(Source data):
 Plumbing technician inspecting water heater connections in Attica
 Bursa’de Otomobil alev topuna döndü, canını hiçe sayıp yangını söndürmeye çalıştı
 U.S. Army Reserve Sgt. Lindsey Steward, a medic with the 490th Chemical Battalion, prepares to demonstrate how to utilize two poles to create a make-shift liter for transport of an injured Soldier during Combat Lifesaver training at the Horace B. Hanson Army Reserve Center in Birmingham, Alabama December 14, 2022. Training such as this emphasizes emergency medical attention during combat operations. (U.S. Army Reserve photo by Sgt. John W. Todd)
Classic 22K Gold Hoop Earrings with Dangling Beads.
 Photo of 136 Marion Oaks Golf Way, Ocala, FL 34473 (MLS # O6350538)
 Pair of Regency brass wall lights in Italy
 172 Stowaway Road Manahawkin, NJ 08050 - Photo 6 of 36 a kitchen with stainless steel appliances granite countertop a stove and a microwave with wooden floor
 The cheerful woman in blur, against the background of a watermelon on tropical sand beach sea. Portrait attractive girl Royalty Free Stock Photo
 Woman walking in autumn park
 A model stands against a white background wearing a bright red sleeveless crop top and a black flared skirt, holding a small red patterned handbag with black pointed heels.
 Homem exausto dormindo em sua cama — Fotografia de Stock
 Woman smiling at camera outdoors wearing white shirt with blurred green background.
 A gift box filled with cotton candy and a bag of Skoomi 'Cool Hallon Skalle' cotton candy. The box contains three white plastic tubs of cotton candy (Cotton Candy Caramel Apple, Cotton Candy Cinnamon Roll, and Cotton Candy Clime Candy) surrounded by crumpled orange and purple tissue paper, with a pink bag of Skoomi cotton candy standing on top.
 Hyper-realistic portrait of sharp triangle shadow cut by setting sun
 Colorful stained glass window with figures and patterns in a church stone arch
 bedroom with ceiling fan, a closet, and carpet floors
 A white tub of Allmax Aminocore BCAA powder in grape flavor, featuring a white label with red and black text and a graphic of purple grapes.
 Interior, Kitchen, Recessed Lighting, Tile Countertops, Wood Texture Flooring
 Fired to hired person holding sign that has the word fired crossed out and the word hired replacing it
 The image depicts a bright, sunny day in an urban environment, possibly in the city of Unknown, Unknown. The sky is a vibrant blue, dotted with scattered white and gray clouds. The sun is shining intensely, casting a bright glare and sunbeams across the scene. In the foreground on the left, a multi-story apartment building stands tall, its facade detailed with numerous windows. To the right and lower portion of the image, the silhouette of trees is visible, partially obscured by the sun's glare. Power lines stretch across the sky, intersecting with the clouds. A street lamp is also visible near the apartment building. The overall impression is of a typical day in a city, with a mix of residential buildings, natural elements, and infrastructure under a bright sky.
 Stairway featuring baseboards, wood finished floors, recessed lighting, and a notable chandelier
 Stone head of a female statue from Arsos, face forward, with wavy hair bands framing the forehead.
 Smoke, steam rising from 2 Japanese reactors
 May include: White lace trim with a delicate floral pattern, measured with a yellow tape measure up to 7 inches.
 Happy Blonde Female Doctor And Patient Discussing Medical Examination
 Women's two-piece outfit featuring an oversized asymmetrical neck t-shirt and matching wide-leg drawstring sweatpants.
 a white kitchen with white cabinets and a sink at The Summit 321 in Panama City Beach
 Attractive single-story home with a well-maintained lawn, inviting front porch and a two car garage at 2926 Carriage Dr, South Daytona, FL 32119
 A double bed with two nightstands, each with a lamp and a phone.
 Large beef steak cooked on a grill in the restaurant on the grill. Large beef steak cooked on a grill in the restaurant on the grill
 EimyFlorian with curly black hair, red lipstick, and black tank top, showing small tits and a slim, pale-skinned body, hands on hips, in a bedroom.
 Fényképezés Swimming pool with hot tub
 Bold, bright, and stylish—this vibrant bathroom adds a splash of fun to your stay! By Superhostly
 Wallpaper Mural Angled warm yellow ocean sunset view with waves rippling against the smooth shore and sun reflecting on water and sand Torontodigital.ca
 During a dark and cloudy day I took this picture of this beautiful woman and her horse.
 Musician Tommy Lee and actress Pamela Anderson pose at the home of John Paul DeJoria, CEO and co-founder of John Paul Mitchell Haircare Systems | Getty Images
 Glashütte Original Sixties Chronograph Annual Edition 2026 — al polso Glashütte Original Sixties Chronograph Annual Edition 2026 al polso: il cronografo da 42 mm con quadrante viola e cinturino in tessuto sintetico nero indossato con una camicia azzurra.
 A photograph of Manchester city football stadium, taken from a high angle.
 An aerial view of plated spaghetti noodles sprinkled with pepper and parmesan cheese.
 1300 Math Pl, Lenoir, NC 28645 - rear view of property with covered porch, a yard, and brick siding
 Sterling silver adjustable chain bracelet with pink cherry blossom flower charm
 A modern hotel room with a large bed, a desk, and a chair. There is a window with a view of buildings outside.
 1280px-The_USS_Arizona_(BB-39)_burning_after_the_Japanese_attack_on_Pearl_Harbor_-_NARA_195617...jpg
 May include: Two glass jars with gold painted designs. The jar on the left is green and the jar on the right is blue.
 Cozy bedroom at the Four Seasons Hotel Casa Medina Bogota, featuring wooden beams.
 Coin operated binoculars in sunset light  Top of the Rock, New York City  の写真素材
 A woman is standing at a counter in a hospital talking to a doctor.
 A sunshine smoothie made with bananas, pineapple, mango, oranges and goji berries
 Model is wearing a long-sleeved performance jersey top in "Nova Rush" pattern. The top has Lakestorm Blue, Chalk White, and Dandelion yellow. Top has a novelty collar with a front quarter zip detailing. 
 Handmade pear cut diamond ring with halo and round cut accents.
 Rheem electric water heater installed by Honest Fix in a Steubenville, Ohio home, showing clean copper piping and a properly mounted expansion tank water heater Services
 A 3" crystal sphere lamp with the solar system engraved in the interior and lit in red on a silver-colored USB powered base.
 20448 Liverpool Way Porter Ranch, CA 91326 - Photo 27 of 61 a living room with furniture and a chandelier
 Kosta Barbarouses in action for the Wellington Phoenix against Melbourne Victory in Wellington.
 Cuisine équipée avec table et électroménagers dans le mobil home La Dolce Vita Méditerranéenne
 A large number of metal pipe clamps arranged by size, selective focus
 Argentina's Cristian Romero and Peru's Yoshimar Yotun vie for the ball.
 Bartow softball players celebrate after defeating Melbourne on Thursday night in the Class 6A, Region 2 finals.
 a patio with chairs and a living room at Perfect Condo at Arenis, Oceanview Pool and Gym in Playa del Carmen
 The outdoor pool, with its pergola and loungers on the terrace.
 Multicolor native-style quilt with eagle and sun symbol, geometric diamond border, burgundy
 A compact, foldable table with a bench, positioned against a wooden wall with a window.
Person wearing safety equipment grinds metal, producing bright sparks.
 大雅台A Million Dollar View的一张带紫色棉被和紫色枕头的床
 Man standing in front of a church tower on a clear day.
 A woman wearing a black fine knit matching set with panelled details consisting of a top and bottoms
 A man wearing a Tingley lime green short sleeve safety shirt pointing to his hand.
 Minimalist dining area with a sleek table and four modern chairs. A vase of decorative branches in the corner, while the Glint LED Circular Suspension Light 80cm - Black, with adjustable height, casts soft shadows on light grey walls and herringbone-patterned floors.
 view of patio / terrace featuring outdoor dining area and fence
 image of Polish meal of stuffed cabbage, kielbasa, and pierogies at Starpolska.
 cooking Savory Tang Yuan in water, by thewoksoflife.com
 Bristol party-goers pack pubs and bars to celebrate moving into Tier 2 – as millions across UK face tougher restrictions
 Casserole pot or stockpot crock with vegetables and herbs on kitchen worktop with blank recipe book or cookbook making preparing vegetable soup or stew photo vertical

(Task requirements): Scan the listing above, and wherever a line holds the string "dining", copy that line.

(Output below):
 Minimalist dining area with a sleek table and four modern chairs. A vase of decorative branches in the corner, while the Glint LED Circular Suspension Light 80cm - Black, with adjustable height, casts soft shadows on light grey walls and herringbone-patterned floors.
 view of patio / terrace featuring outdoor dining area and fence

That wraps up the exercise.